Our users occasionally want to change their existing cube, such as adding/renaming/removing a dimension. Some of these changes require modifications to its source hive table. So our user changed the table schema and reloaded its metadata in Kylin, then several issues can happen depends on what he changed.
I did some schema changing tests based on 1.5.3, the results after reloading table are listed below
|type of changes||fact table||lookup table|
|minor||both query and build still works||query can fail or return wrong answer|
|major||fail to load related cube||fail to load related cube|
minor changes refer to those doesn't change columns used in cubes, such as insert/append new column, remove/change unused column.
major changes are the opposite, like remove/rename/change type of used column.
Clearly from the table, reload a changed table is problematic in certain cases.
KYLIN-1536 reports a similar problem.
So what can we do to support this kind of iterative development process (load -> define cube -> build -> reload -> change cube -> rebuild)?
My first thought is simply detect-and-prohibit reloading used table.

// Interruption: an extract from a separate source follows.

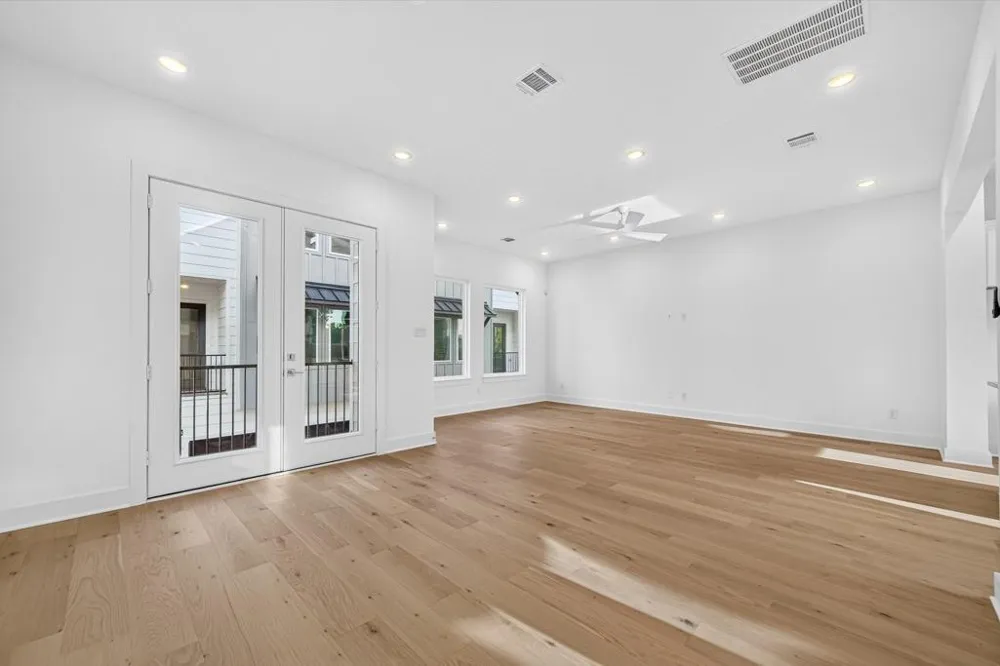 902 Kern St #B Houston, TX 77009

User should be able to know which cube is preventing him from reloading, and then he could drop and recreate cube after reloading. However, defining a cube is not an easy task (consider editing 100 measures). Force users to recreate their cube over and over again will certainly not make them happy.
A better idea is to allow cube to be editable even if it's broken due to some columns changed after reloading. Broken cube can't be built or queried, it can only be edit or dropped. In fact, there is a cube status called RealizationStatusEnum.DESCBROKEN in code, but was never used. We should take advantage of it.
An enabled cube shouldn't allow schema changes, otherwise an unintentional reload could make it unavailable. Similarly, a disabled but unpurged cube shouldn't allow schema changes since it still has data in it.